I enjoy knowing more and more about the lives of the Saints. Not only do they show us how to be holy but how to be really human. What does it mean to be holy if not to be fully human! The Saints in their lifetime were fully alive, fully human. God our Father wants for all of us to be fully alive. He wants all his children to be fully alive. We are children of a God who is life and alive. St John tells us, “See what love the Father has bestowed on us that we may be called the children of God. Yet so we are… Beloved, we are God’s children” (1 Jn 1:1-3). What does it mean to be fully alive? To be fully alive is to be holy, to be wholly alive. All of us are called to be holy, to be fully alive, like the Saints. Sometimes we have a lot of admiration for the Saints but we feel distant from them because well, they are so perfect and we are so imperfect. It is interesting reading the lives of the saints. St Paul wrote to Timothy that he was the greatest sinner of all. How can you have sins and be a Saint?

Well to become a Saint is a process and if we are here today it means we still have time. This gives us hope. Our sanctification is a process, a slow one, well, we make it a bit slower than it should be. St Thérèse of Lisieux said at 15 years old she wanted to be a Saint and at 24 she was! That it is a process is confirmed in the second reading – “What we shall be has not yet been revealed. We do know that when it is revealed we shall be like him, for we shall see him as he is.” Each of us, as children of God, are called to this perfection in love.

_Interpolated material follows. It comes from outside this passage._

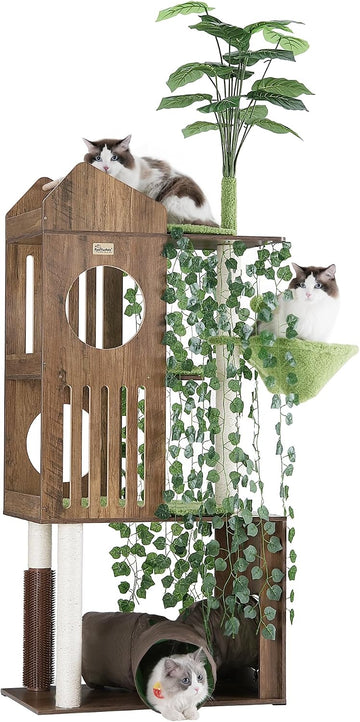Large Cat Tree with Leaves, 72.8" Tall Cat Tower, Anti-tip Kit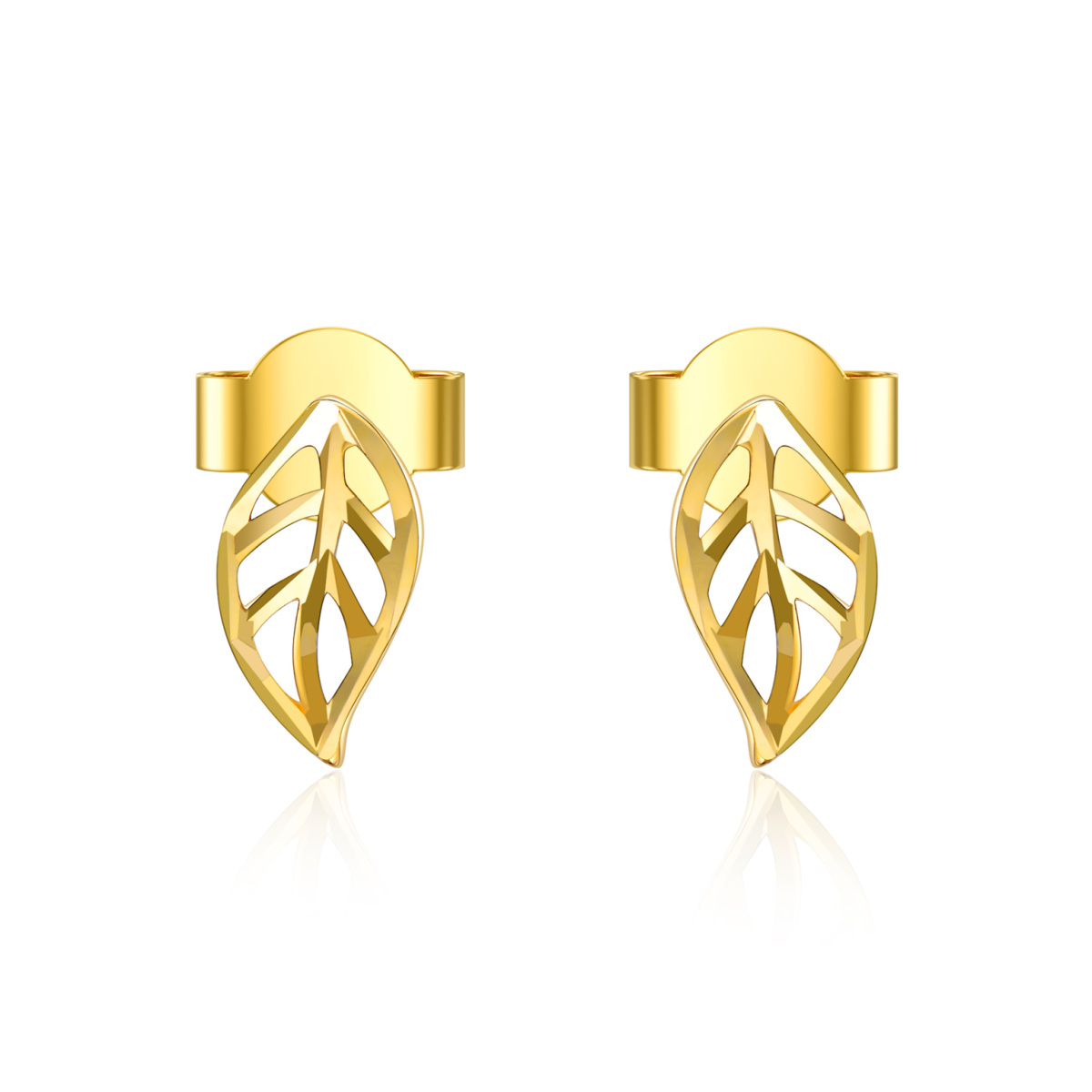 18K Gold Leaves Stud Earrings-1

Normally, thinking of the Saints, we enjoy being spectators. Seeing our own imperfections we can feel a bit distant from them. Today’s celebration is not for us to remain as mere spectators!!! We are called to be imitators. Of course we have limitations but the saints are interceding for us, praying for us. In the first reading we have an apocalyptic vision of a huge crowd: “a great multitude, which no one could count, from every nation, race, people, and tongue. These are the ones who have survived the time of great distress; they have washed their robes and made them white in the Blood of the Lamb.” A great multitude is present in this crowd. This should give us hope. To be a Saint is not for a select few! In fact it is for all Christians to strive for, to be holy, to be fully alive. What is the model presented to us by Jesus of a fully human life? The model plan of life is known as the Beatitudes – blessed are the pure of heart for they shall see God. I love this beatitude because the pure of heart will see God and they will see him also in their neighbour who is made in the image and likeness of God.

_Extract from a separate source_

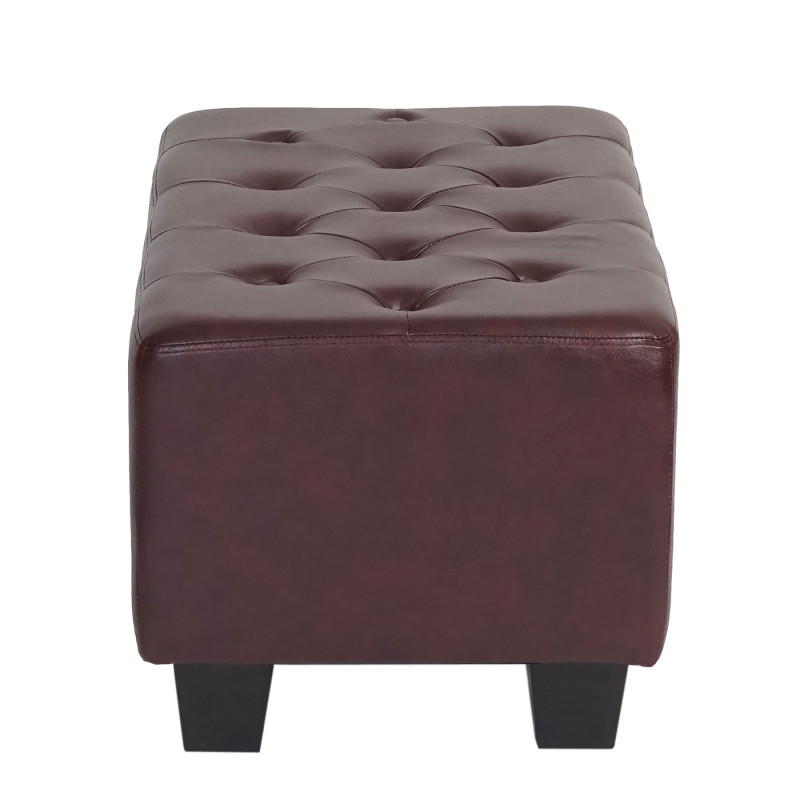 Ottomane de luxe Chesterfield, tabouret, 41x75x46cm, similicuir - pieds angulaires, rouge/marron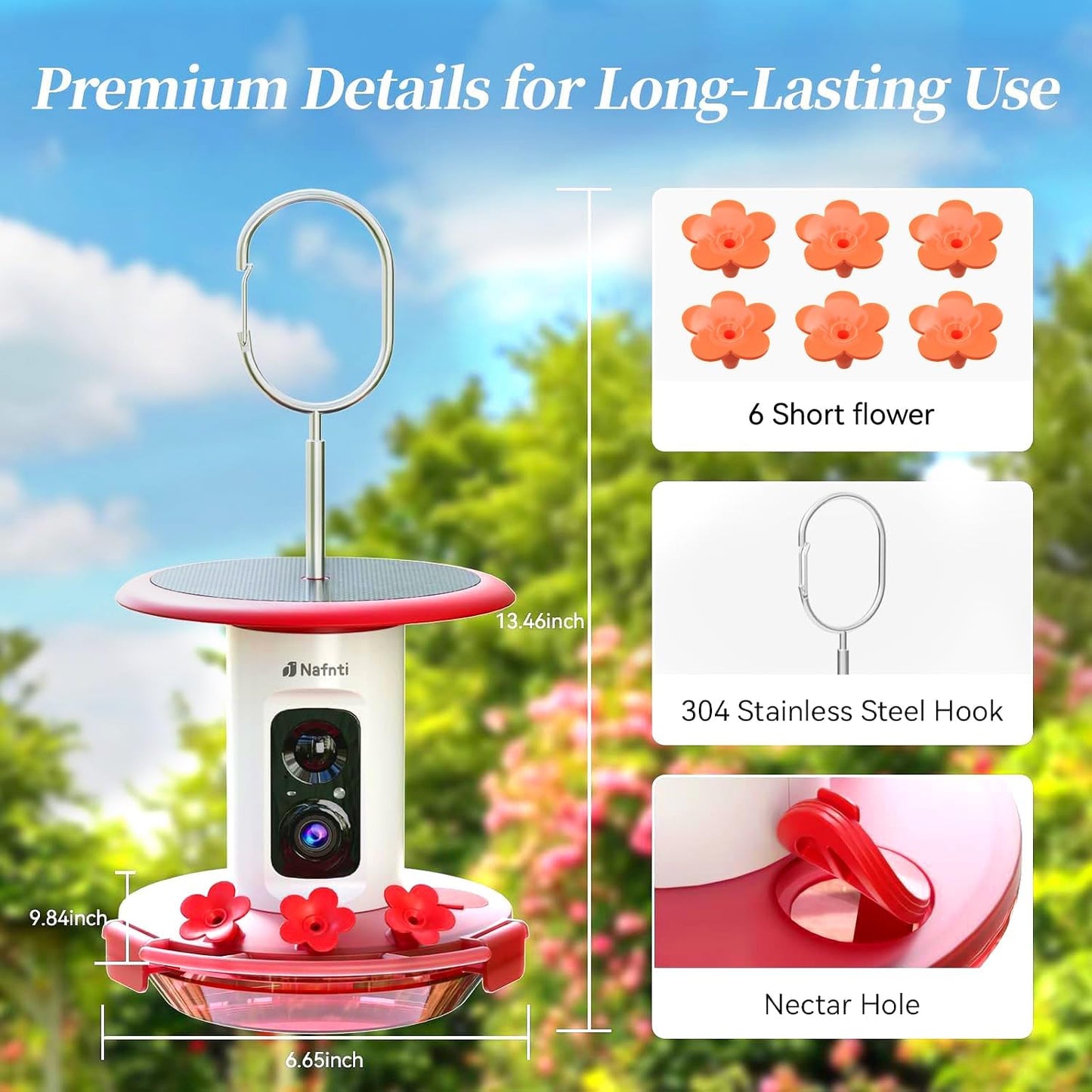 Smart Hummingbird Feeder with Camera 5g WiFi- 3K HD Video Live, Leakproof & Bee Proof, AI Identify Instant Notification, Solar Powered Humming Bird Camera Feeder, Mom Birthday Gifts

If there is one characteristic that marks the Saints it is that of commitment to a cause. The French philosopher Gabriel Marcel wrote, “The fact is that when I commit myself, I grant in principle that the commitment will not again be put into question...It at once bars a certain number of possibilities; it bids me invent a certain modus vivendi which I would otherwise be precluded from envisaging. Here there appears in a rudimentary form what I call creative fidelity. My behaviour will be completely coloured by this act embodying the decision that the commitment will not again be questioned. The possibility which has been barred or denied will thus be demoted to the rank of a temptation.”

Let us ask the grace this day to be committed in our Christian lives, committed to living a fully human life, committed to Christ. Amen.